Fray Pedro Humanes, deacon, of the convent of San Pablo, of Sevilla.
Fray Diego Constantino, of the convent of Atocha.
Fray Martin de Oña y Ocadiz, of the convent of Burgos.
Fray Diego Liaño, of the same convent.
And Fray Francisco Novarin, an Asturian, son of Santo Domingo, of Mexico.
And two religious lay-brothers: the first, Fray Francisco de Toledo, son of the convent of Guadalaxara; and the second, Fray Vicente de el Castillo, son of the convent of Burgos. In addition there were two others, who as above said remained in Mexico with the father vicar, Fray Francisco Villalba, who could not return to the province because of his sentence of exile.
[With that band also comes one Fray Domingo Mezquita, who had first gone to the Philippines in 1671, but after some years residence there had returned secretly to Spain. Moved again by the will of God, he returns to the islands where he dies after some years. Those missionaries are detained in Mexico for two years waiting for a ship. Finally a ship is bought at Acapulco in which is sent the royal situado, the Dominican religious, a mission band of sixty Recollects, and a few soldiers. After a voyage fraught with danger, for the ship is old and rotten, the harbor of Cavite is finally reached June 28, and as soon as all the cargo and passengers are safely off, it founders. The much-needed missionaries are distributed among the Philippine and Chinese missions.]

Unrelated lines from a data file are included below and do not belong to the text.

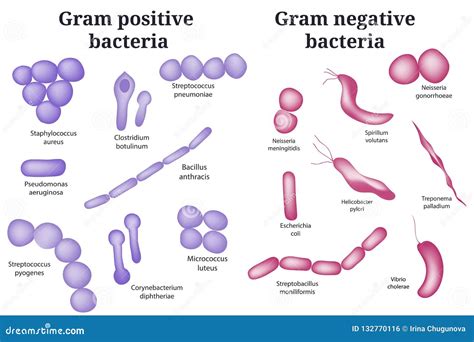Labeled Gram Negative Bacteria Diagram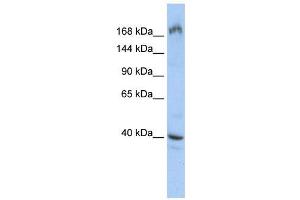 WB Suggested Anti-EIF4G1  Antibody Titration: 0. (EIF4G1 Antikörper  (Middle Region))
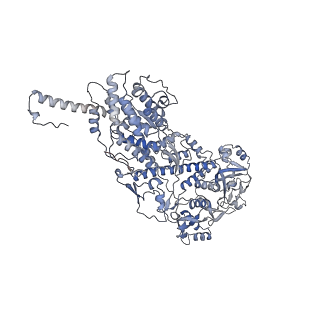20089_6oj6_D_v1-5
In situ structure of rotavirus VP1 RNA-dependent RNA polymerase (DLP_RNA)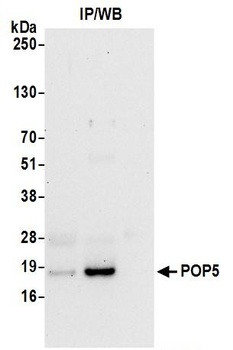 Rabbit anti-POP5 Antibody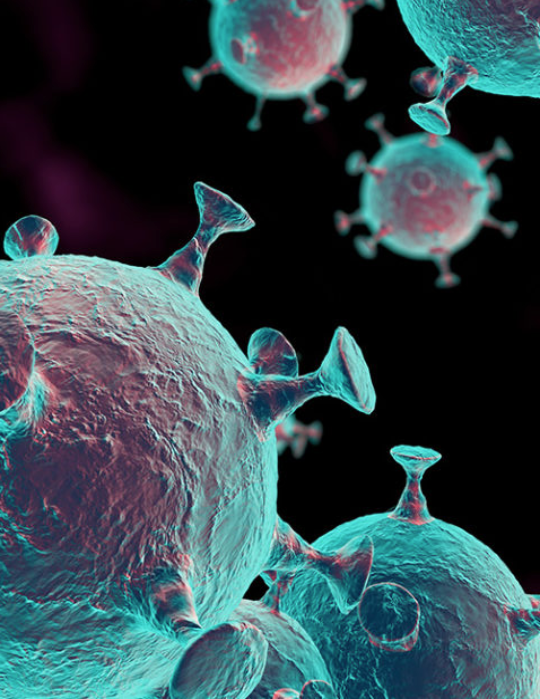 VIRUS-Vsm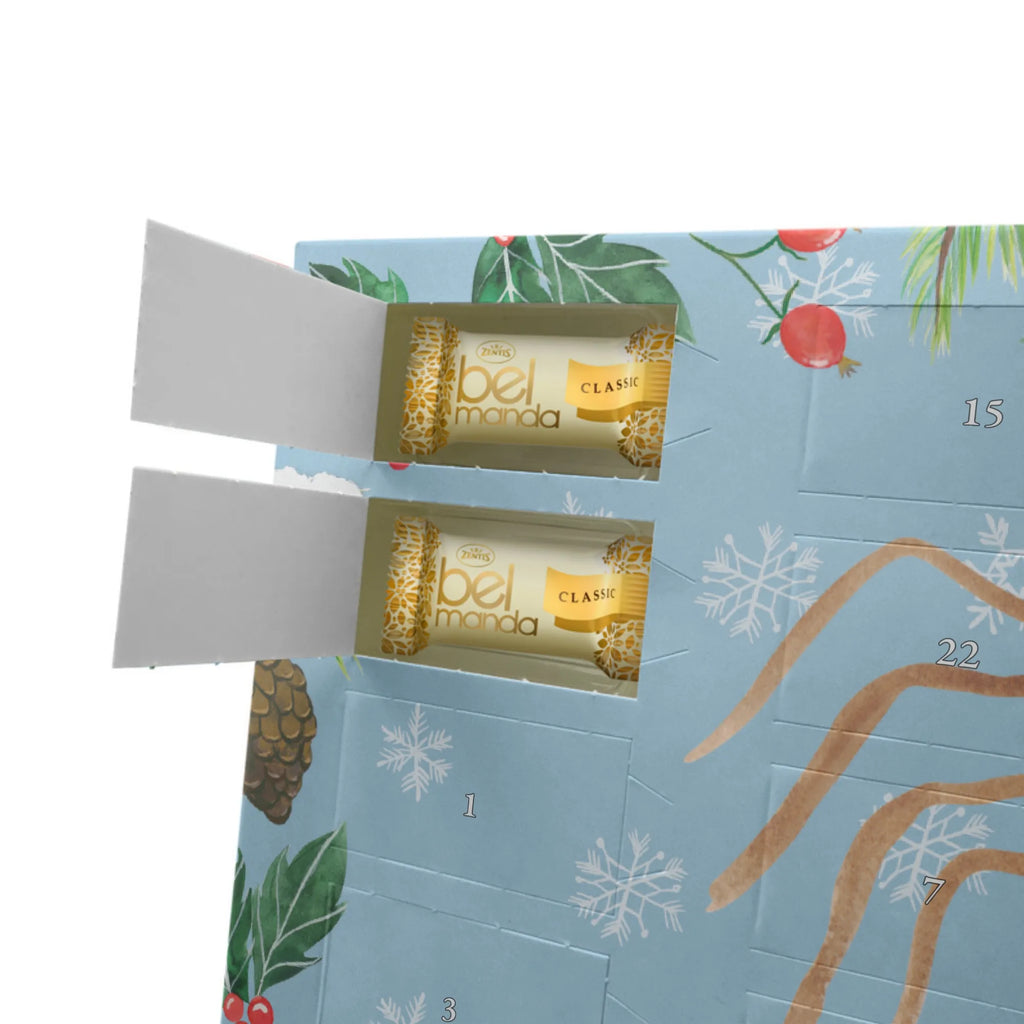 Marzipan Adventskalender Spinne Agathe Freude Marzipan Adventskalender, Spinne Agathe, Spinne, Agathe, Videos, Merchandise, Viral, Viraler Hit, Trend, Beliebte Spinne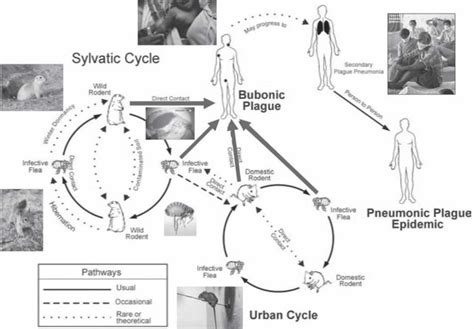 Yersinia pestis bacteria transmission, symptoms, diagnosis and treatment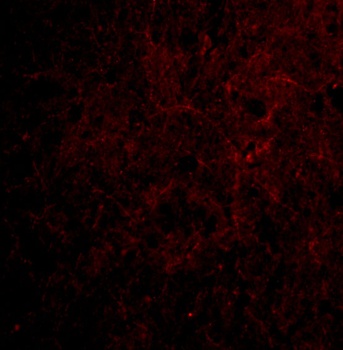 CTRP6 Antibody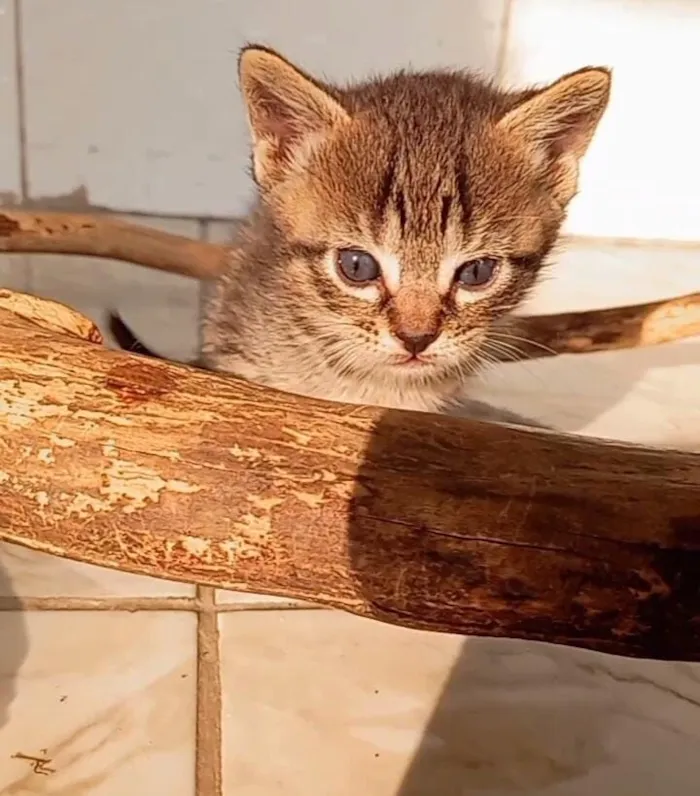 Gato raça SRD-ViraLata idade Abaixo de 2 meses nome bebês gatos e gatas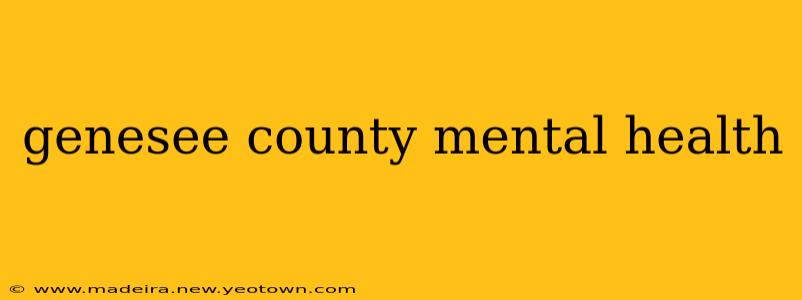 genesee county mental health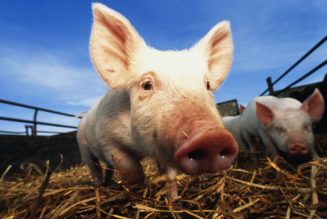 A pig virus may have contributed to the death of first pig heart transplant patient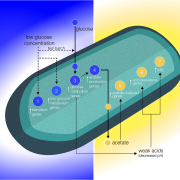 Biomolecular model based on the gene expression data analyses support the reduction of glucose molecules (blue gradient) and acid buildup (gold gradient) proposed to occur in the boundary layer around the cell.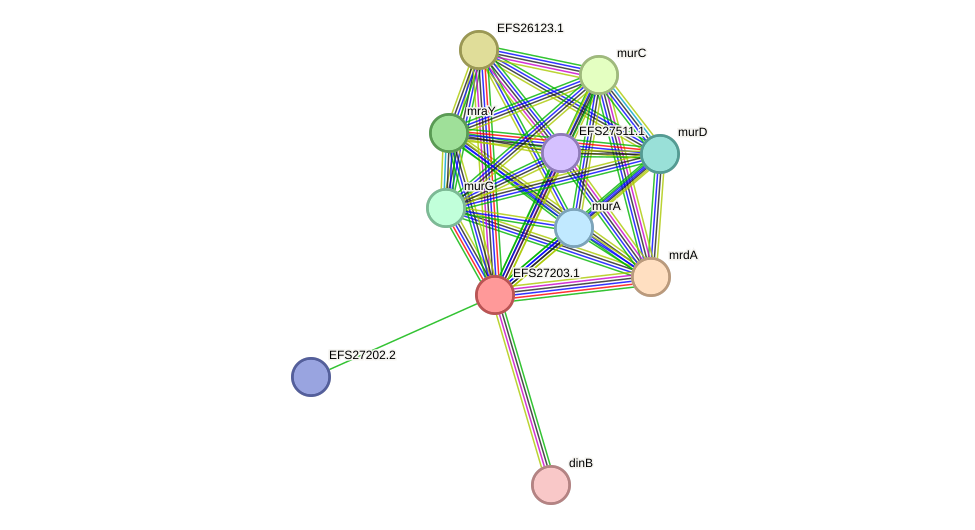 STRING protein interaction network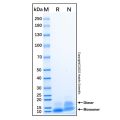 Recombinant Human TFF3 Protein
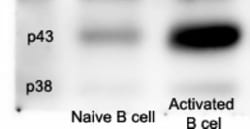 Caspase-11 Antibody (17D9) - BSA Free, Novus Biologicals 0.1mL; Unlabeled:Antibodies,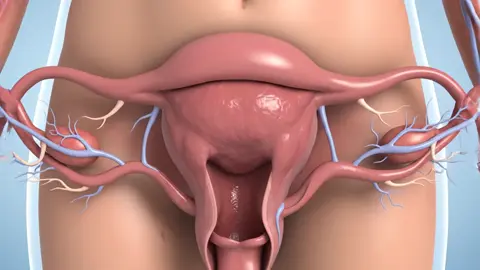 Twins Baby inside view in Mother  #anatomy #viral #foryou#human#healthylifestyle  ‎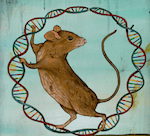 mouse on wheel of DNA cells Revive & Restore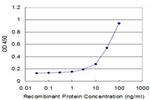 RPS3 Antibody in ELISA (ELISA)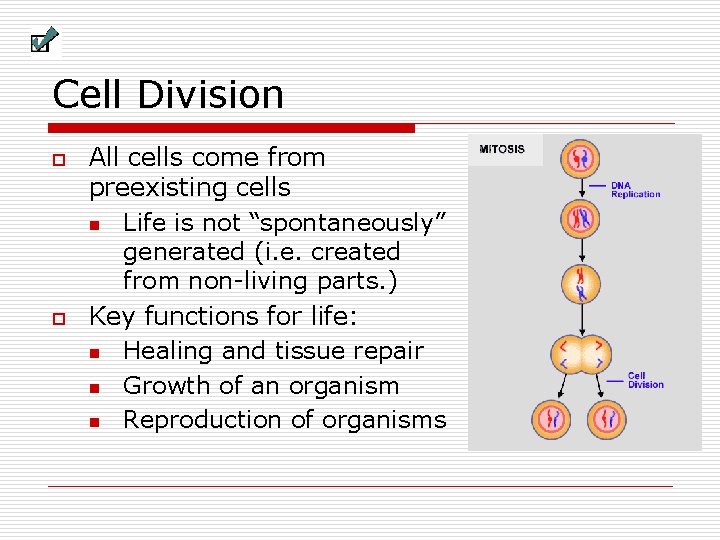 Cell Division o o All cells come from preexisting cells n Life is not Cell Division o o All cells come from preexisting cells n Life is not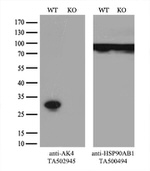 AK4 Antibody in Western Blot (WB)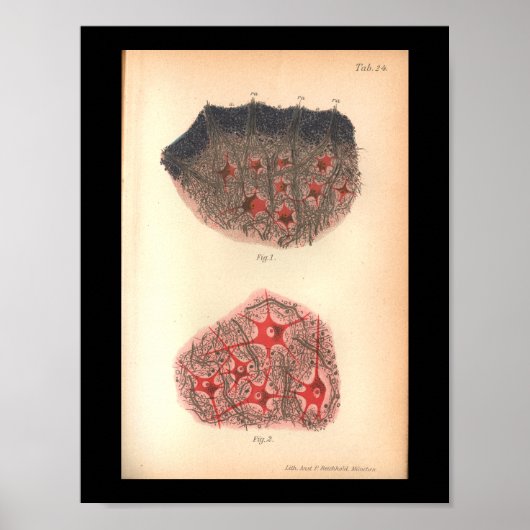 Vintage 1901 Brain Cells Anatomy Print ポスター (正面)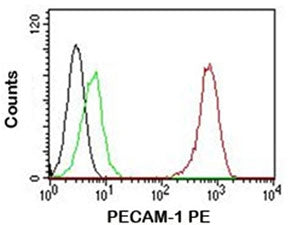 CD31 Antibody / PECAM-1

[Chapters xxxvii and xxxviii treat of the Chinese missions and the lives and work of certain fathers. Chapter xxxix notes the celebration of the intermediary chapter of 1696, and treats of members of the Dominican order who die during this period: namely, father Fray Diego Vilches, a Montañes native, who takes the habit at the Sevilla convent; and Doña Antonio de Jesus y Esguerra, a Spanish woman, and a member of the tertiary branch of the order. Chapters xl–xliii relate the foundation and progress of the beaterio of Santa Catharina, of Manila. The disputes between Archbishop Camacho and the orders (see VOL. XLII, pp. 25–116) and the questions of the friars’ estates, are taken up in chapters xliv–xlvi. The following chapter records the results of the provincial chapter of April 10, 1698, and states the condition of both Philippine and Chinese missions. That chapter accepted the mission of San Luis Beltran (of which mention is made in an earlier chapter) in Pangasinan. The mission work of that district results in the intermarriage of Pangasinans and Alaguetes, and the idiom of Pangasinan becomes the common language. Chapter xlviii reviews the lives of prominent members of the order who die in this period: Fray Francisco Sanchez, Fray Francisco de Escalante, and Sister Jacinta de la Encarnacion, of the beaterio.]